Failure to follow tax rules can result in steep penalties of 10% to 25% of back tax plus interest. Audits are common, so compliance is essential.
While WooCommerce can collect sales tax, it does not handle remittance and requires extensive configuring. Solutions like Numeral integrate seamlessly into WooCommerce, ensuring compliance with much less work.
This guide will explain the details of how WooCommerce handles sales tax natively, what the gaps are, and how to best manage sales tax compliance through the WooCommerce platform.
Does WooCommerce collect sales tax?
When you sell products online using certain platforms like Amazon or Etsy, the platform is classified as a marketplace facilitator because it plays an integral role in the transaction. Marketplace facilitators collect the correct amount of tax on your behalf and remit it for you.
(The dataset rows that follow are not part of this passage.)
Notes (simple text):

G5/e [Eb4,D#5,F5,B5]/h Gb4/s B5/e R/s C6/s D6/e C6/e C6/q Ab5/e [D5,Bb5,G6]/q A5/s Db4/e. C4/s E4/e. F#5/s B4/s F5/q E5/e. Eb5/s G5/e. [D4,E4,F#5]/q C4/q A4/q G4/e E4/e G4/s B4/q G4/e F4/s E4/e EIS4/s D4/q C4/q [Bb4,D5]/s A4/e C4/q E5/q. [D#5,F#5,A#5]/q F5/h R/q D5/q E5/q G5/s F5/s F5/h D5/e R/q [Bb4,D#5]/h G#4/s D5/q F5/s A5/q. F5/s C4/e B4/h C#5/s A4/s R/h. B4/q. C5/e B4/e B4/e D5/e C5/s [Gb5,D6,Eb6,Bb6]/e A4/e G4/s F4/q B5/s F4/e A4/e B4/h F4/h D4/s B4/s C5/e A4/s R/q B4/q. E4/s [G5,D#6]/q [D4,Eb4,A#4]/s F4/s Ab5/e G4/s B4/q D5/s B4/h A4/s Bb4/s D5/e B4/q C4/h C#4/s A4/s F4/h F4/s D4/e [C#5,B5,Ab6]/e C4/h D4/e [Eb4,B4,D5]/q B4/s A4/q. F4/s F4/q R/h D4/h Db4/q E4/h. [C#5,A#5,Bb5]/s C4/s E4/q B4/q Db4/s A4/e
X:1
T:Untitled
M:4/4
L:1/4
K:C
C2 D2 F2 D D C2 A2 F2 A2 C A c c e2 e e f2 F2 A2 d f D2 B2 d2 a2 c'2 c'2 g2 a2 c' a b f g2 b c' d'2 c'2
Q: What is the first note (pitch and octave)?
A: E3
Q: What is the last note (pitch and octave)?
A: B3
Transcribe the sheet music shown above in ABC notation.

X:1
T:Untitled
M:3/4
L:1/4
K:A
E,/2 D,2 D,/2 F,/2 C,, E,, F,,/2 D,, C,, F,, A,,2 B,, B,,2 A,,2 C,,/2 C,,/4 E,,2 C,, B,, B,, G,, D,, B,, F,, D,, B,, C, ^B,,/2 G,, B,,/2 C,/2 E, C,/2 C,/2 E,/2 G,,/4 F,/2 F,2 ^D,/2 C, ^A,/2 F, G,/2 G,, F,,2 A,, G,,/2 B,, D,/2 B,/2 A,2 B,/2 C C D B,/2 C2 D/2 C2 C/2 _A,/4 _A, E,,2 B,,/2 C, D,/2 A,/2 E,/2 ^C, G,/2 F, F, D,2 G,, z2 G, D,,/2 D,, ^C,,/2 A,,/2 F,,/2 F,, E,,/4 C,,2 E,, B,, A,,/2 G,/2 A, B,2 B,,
WooCommerce, however, is not a marketplace facilitator.
WooCommerce can collect sales tax for you, but manual configuration may be required, including setting tax classes for products and selecting whether to calculate tax based on the shipping address, billing address, or store address.
Unfortunately, tax collection is also a small part of your compliance obligations. Your company must complete other tasks, including tracking when you establish nexus based on sales volume and number of transactions, registering when required, and filing and remitting tax.
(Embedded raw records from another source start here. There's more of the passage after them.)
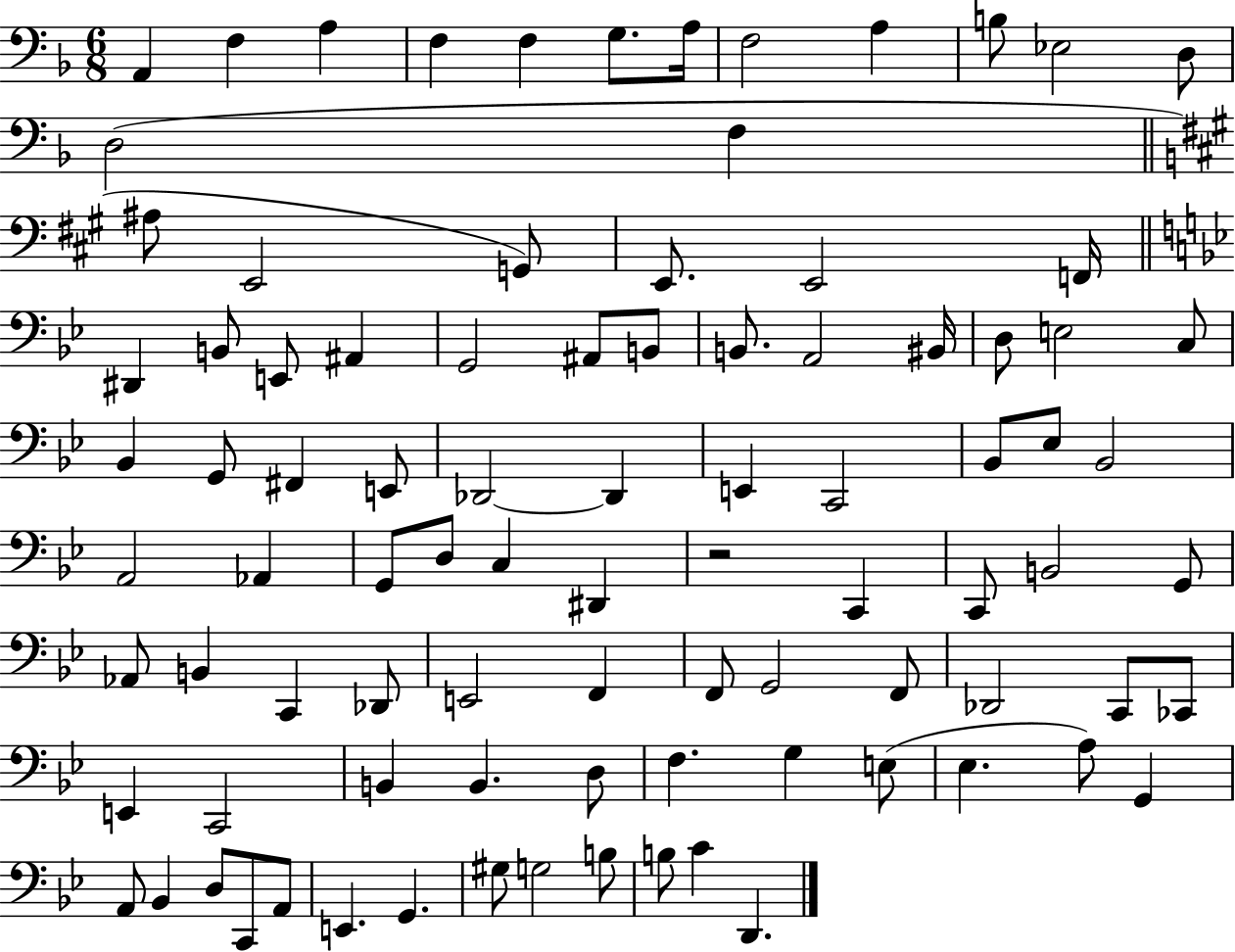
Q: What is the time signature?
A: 6/8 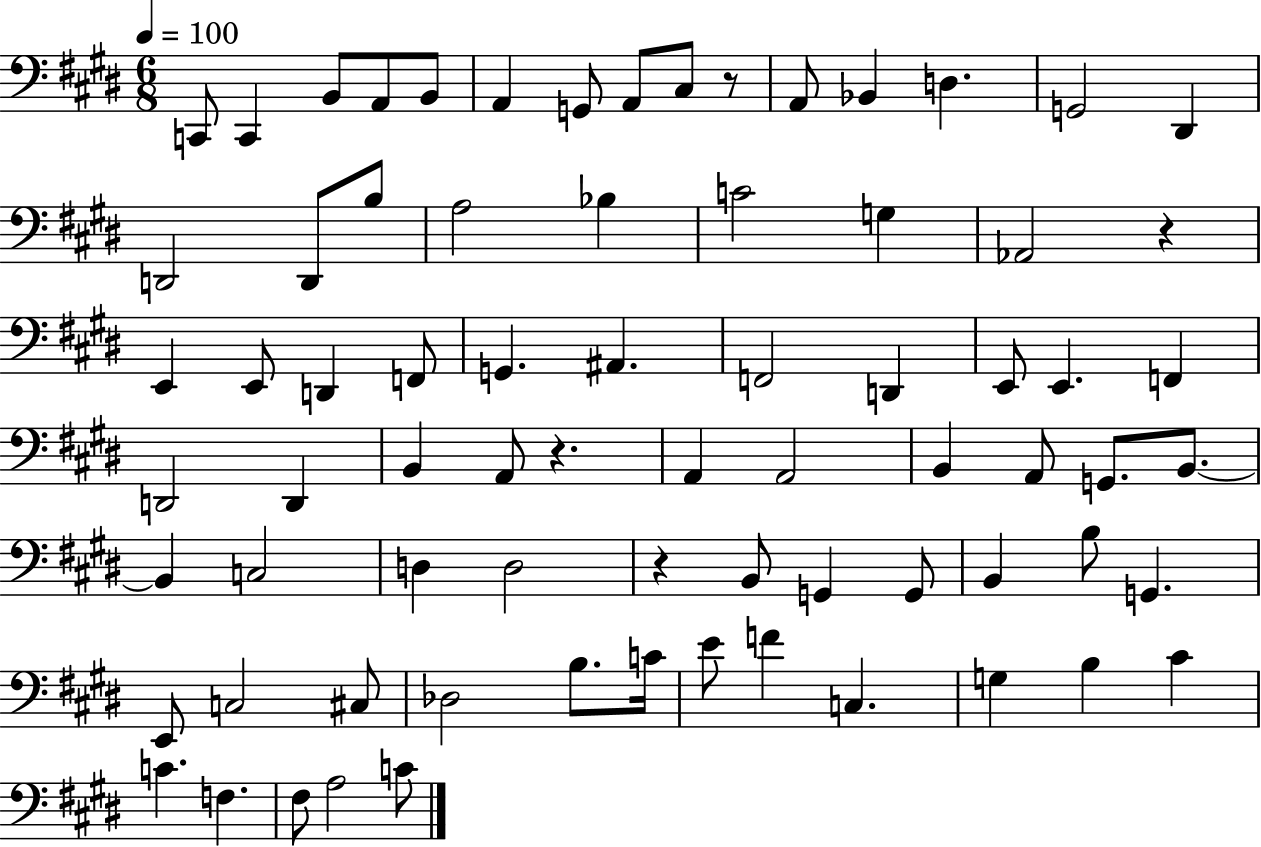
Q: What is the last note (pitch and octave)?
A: C4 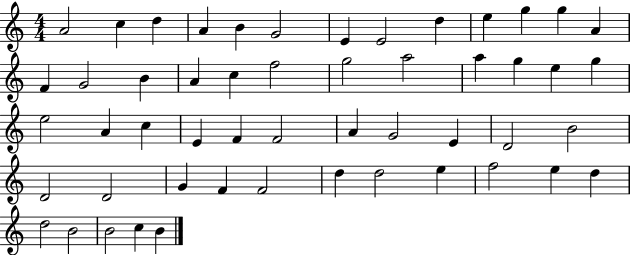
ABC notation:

X:1
T:Untitled
M:4/4
L:1/4
K:C
A2 c d A B G2 E E2 d e g g A F G2 B A c f2 g2 a2 a g e g e2 A c E F F2 A G2 E D2 B2 D2 D2 G F F2 d d2 e f2 e d d2 B2 B2 c B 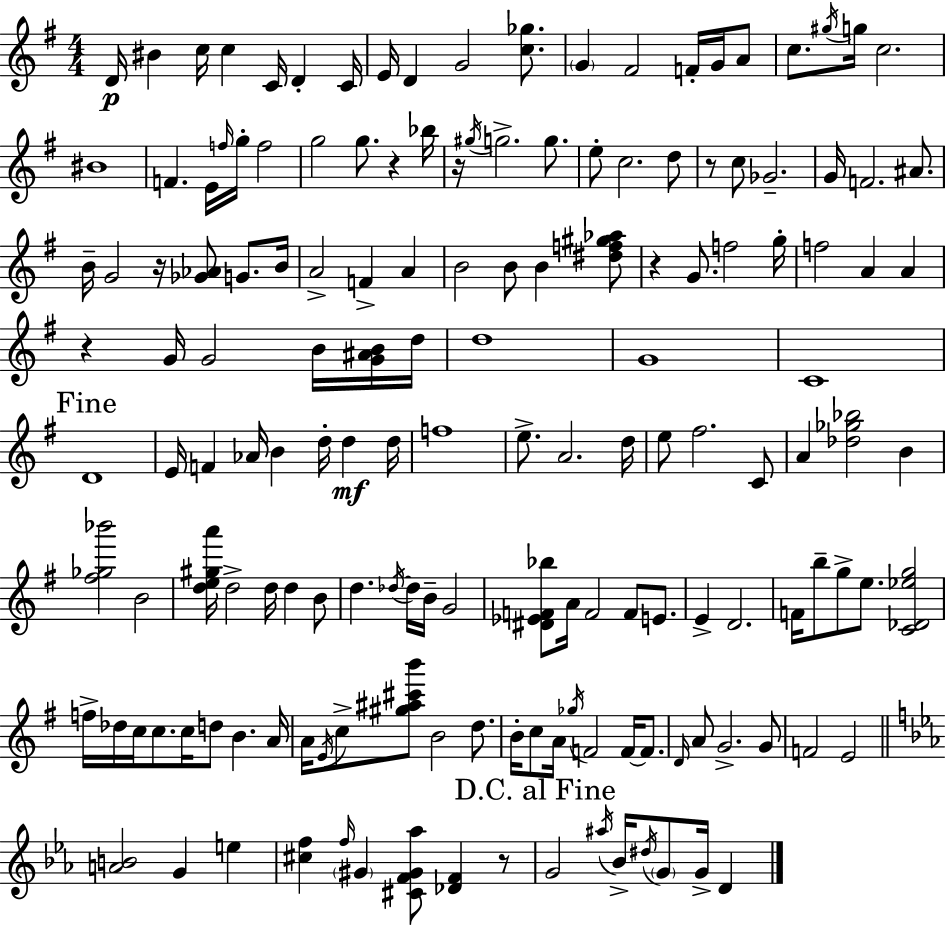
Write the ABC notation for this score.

X:1
T:Untitled
M:4/4
L:1/4
K:G
D/4 ^B c/4 c C/4 D C/4 E/4 D G2 [c_g]/2 G ^F2 F/4 G/4 A/2 c/2 ^g/4 g/4 c2 ^B4 F E/4 f/4 g/4 f2 g2 g/2 z _b/4 z/4 ^g/4 g2 g/2 e/2 c2 d/2 z/2 c/2 _G2 G/4 F2 ^A/2 B/4 G2 z/4 [_G_A]/2 G/2 B/4 A2 F A B2 B/2 B [^df^g_a]/2 z G/2 f2 g/4 f2 A A z G/4 G2 B/4 [G^AB]/4 d/4 d4 G4 C4 D4 E/4 F _A/4 B d/4 d d/4 f4 e/2 A2 d/4 e/2 ^f2 C/2 A [_d_g_b]2 B [^f_g_b']2 B2 [de^ga']/4 d2 d/4 d B/2 d _d/4 _d/4 B/4 G2 [^D_EF_b]/2 A/4 F2 F/2 E/2 E D2 F/4 b/2 g/2 e/2 [C_D_eg]2 f/4 _d/4 c/4 c/2 c/4 d/2 B A/4 A/4 E/4 c/2 [^g^a^c'b']/2 B2 d/2 B/4 c/2 A/4 _g/4 F2 F/4 F/2 D/4 A/2 G2 G/2 F2 E2 [AB]2 G e [^cf] f/4 ^G [^CF^G_a]/2 [_DF] z/2 G2 ^a/4 _B/4 ^d/4 G/2 G/4 D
You must fill the gaps left by WooCommerce to avoid violating tax laws and putting your company at risk of owing back taxes and penalties.
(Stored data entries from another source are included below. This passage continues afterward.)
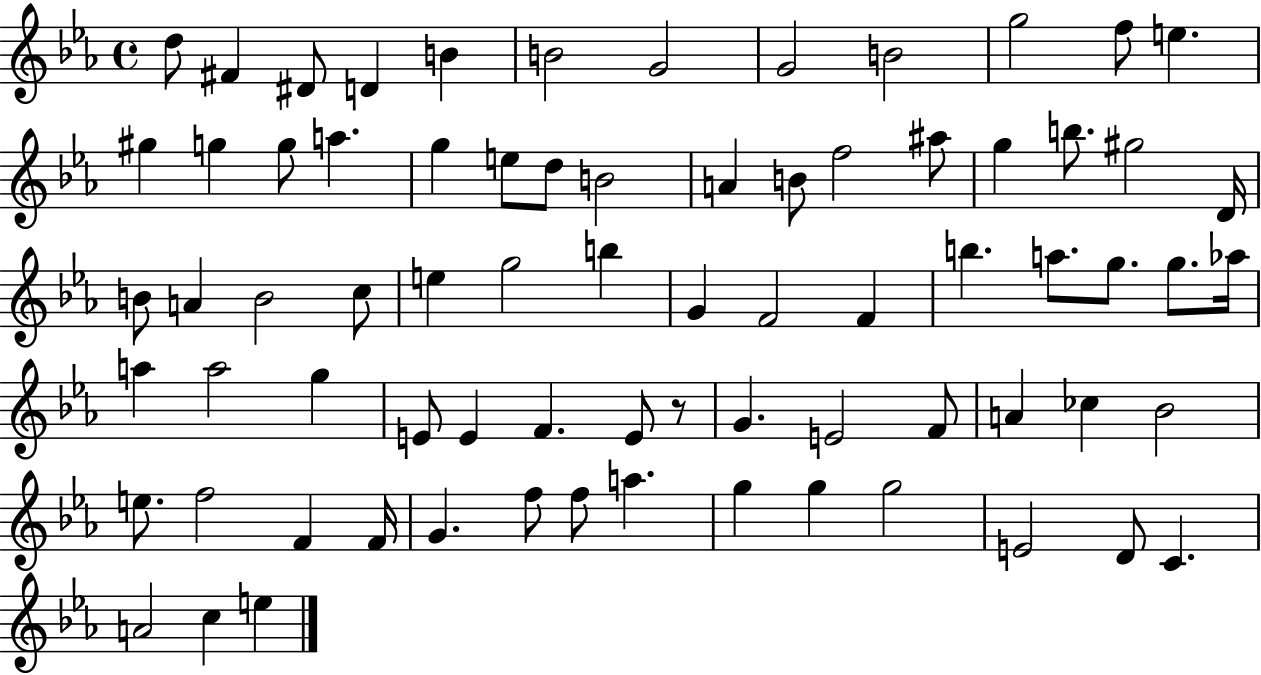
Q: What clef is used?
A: treble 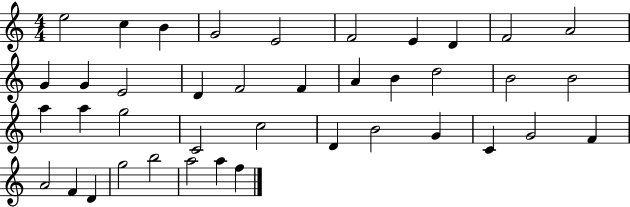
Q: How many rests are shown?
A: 0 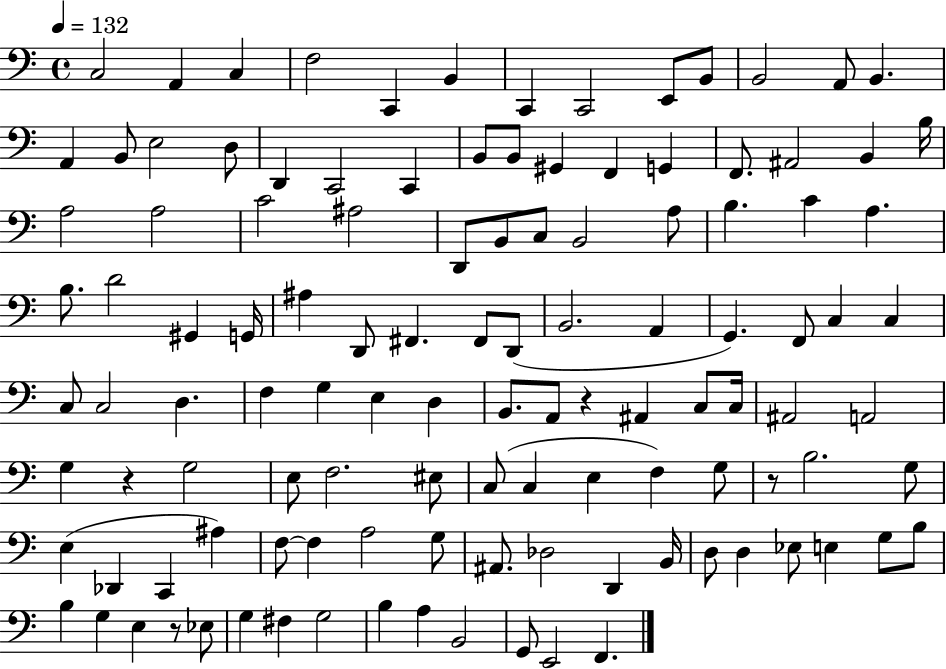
C3/h A2/q C3/q F3/h C2/q B2/q C2/q C2/h E2/e B2/e B2/h A2/e B2/q. A2/q B2/e E3/h D3/e D2/q C2/h C2/q B2/e B2/e G#2/q F2/q G2/q F2/e. A#2/h B2/q B3/s A3/h A3/h C4/h A#3/h D2/e B2/e C3/e B2/h A3/e B3/q. C4/q A3/q. B3/e. D4/h G#2/q G2/s A#3/q D2/e F#2/q. F#2/e D2/e B2/h. A2/q G2/q. F2/e C3/q C3/q C3/e C3/h D3/q. F3/q G3/q E3/q D3/q B2/e. A2/e R/q A#2/q C3/e C3/s A#2/h A2/h G3/q R/q G3/h E3/e F3/h. EIS3/e C3/e C3/q E3/q F3/q G3/e R/e B3/h. G3/e E3/q Db2/q C2/q A#3/q F3/e F3/q A3/h G3/e A#2/e. Db3/h D2/q B2/s D3/e D3/q Eb3/e E3/q G3/e B3/e B3/q G3/q E3/q R/e Eb3/e G3/q F#3/q G3/h B3/q A3/q B2/h G2/e E2/h F2/q. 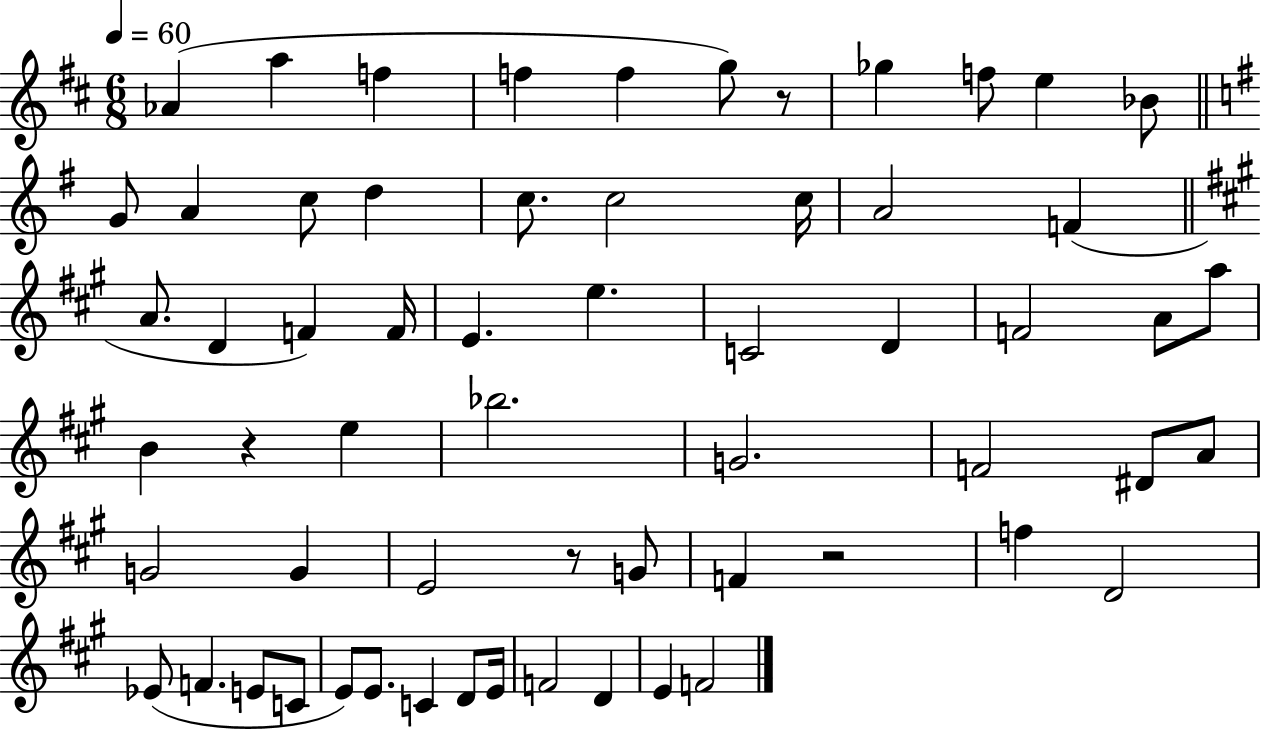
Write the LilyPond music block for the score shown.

{
  \clef treble
  \numericTimeSignature
  \time 6/8
  \key d \major
  \tempo 4 = 60
  aes'4( a''4 f''4 | f''4 f''4 g''8) r8 | ges''4 f''8 e''4 bes'8 | \bar "||" \break \key g \major g'8 a'4 c''8 d''4 | c''8. c''2 c''16 | a'2 f'4( | \bar "||" \break \key a \major a'8. d'4 f'4) f'16 | e'4. e''4. | c'2 d'4 | f'2 a'8 a''8 | \break b'4 r4 e''4 | bes''2. | g'2. | f'2 dis'8 a'8 | \break g'2 g'4 | e'2 r8 g'8 | f'4 r2 | f''4 d'2 | \break ees'8( f'4. e'8 c'8 | e'8) e'8. c'4 d'8 e'16 | f'2 d'4 | e'4 f'2 | \break \bar "|."
}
WooCommerce and sales tax nexus: How it impacts what you need to do
The absence of nexus tracking is one of the biggest gaps in the tax tools offered by WooCommerce. That's because, when Wayfair changed the rules for when states could require companies to collect sales tax, it did so by expanding when companies can establish nexus.
This fundamentally changed the rules for when a state could require a business to collect sales tax, as establishing nexus triggers a requirement to register to collect tax, collect the correct amount, file sales tax forms, and remit tax payments regularly.
What is sales tax nexus?
Sales tax nexus means a company has enough connections with a state that the state is entitled to require the business to register to collect sales tax.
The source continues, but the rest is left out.